Krstic told the NIN weekly that the deal would be a precautionary stand-by arrangement and added that drawing IMF money is not envisioned.
He said that public debt reduction will be one of the goals of the new government, making major budget cuts a necessity.
In view of the high level of public debt and its growth rate over the past five years, one of the goals of the new government will be to stabilise the debt and reverse the trajectory it has had thus far.
This makes major budget cuts a necessity in order to reduce the deficit to two or three percent of the GDP, but the talks with the IMF focus much more on structural reforms and the plan for fighting the gray economy, Krstic said.
Budget cuts must be accompanied by a set of new reform laws as well as reforms of the state administration, the health care and education systems and the local self-government authorities, while the process of restructuring state-owned enterprises must be completed, Krstic said.
Asked whether the IMF has suggested salary and pension cuts that would save €400 million in 2014 and whether it would be possible to save that amount of money without the measure, Krstic said that there has been no explicit insistence on specific measures because it was unrealistic to have a caretaker government voice its opinion on the matter.

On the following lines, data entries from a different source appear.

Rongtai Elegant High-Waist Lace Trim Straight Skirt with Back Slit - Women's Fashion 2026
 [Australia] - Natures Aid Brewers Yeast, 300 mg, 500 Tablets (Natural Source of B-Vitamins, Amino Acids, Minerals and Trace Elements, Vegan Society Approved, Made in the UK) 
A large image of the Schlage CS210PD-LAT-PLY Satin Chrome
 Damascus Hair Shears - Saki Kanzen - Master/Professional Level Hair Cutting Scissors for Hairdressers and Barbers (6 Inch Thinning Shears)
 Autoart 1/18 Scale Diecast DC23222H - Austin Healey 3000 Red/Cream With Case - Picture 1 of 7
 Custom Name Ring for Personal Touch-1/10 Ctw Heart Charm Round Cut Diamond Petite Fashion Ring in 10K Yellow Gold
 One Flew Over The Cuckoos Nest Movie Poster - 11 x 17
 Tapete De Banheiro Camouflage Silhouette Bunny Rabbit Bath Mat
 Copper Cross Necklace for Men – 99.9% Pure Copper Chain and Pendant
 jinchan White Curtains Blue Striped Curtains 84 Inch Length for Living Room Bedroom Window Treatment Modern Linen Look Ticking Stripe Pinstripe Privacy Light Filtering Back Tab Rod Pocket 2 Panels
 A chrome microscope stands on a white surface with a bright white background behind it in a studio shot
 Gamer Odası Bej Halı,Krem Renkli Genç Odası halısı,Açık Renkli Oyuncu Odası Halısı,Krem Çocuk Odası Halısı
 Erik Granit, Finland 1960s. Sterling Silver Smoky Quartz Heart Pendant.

The basic causes of the fiscal burden are the wage bill in the bloated public sector, the costs of budget transfers to the pension and disability fund due to high unemployment, and high interest rates on loans used to finance the deficit over the past years, Krstic said.
In addition to the set of reform laws, the new Serbian government will also present a National Priority Plan, which will define the ways the state will encourage job creation and directing foreign and domestic investments into the regions hardest hit by the restructuring, Krstic also announced.